Well, at least I now know that other people have dealt with assessments, evaluations, & forms. Wasn't sure about that before. I've seen so many people online say that they are self-diagnosed with test results from online Aspie-quizzes quoted in their forum signatures, I was wondering if I was just being a big dufus trying to get an expert opinion when I could just self-diagnose. But self-diagnosising is full of pitfalls; I thought I had a number of things over the years because I matched symptoms lists I 'd seen in popular psychology and self-help books which I now recognize as not at all true.

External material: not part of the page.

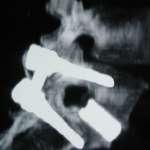 Arthrodèse vertébrale postérieure et intersomatique L5-S1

I'm heading to bed now. Nighty night, all. :-)
 
Yes I was under the impression that I just had social anxiety and I was just weird, unemotional and childlike because I had tantrums and I thought I was just a bit sensitive to things(like touch, textures, smells etc).

Then I found out about asperger's and it seemed to fit, I took the online tests which all pointed towards being an aspie, then I joined a few forums and reading about other people was like reading about myself. I became self-diagnosed but wanted an official diagnosis more for my own peace of mind because there was always that worry, what if I was wrong?!

I went for a diagnosis and 2 of the tests I'd already taken the AQ and EQ(and a childhood AQ test for my mum) were sent to me along with other forms to fill in before I'd be given an appointment for assessment. From what I've been told the online tests are a good way to get an idea of whether you may fall on the spectrum, if it says you may be an aspie then try and get a diagnosis if you feel you would benefit from one.

For example my husband has ALOT of aspie traits, particularly the obsessions, the sensory issues, some social issues(i.e says things he shouldn't), etc he took the online tests, scored fairly low on the AQ (think it was 27) but it said on another he was borderline really, he was put in the category of broader autistic phenotype so he has autistic tendencies but probably not enough for a diagnosis. As a result and also because his mother is completely against even going for an assessment(she was horrified by the idea) he's decided not to get assessed himself and will just stick with his current bi-polar/personality disorder diagnosis.

So yeah the tests are more a screening tool then a diagnosis tool.
 
...So yeah the tests are more a screening tool then a diagnosis tool.

Hi Kelly! I figured that was probably true, but wasn't too sure.

FWIW, it's kind of weird and sad to me that your husband's mother influenced him to not get assessed for Asperger’s, when he already has a diagnosis of bipolar/personality disorder. Does she think the possibility of Asperger’s is something worse, or reflects more badly on her?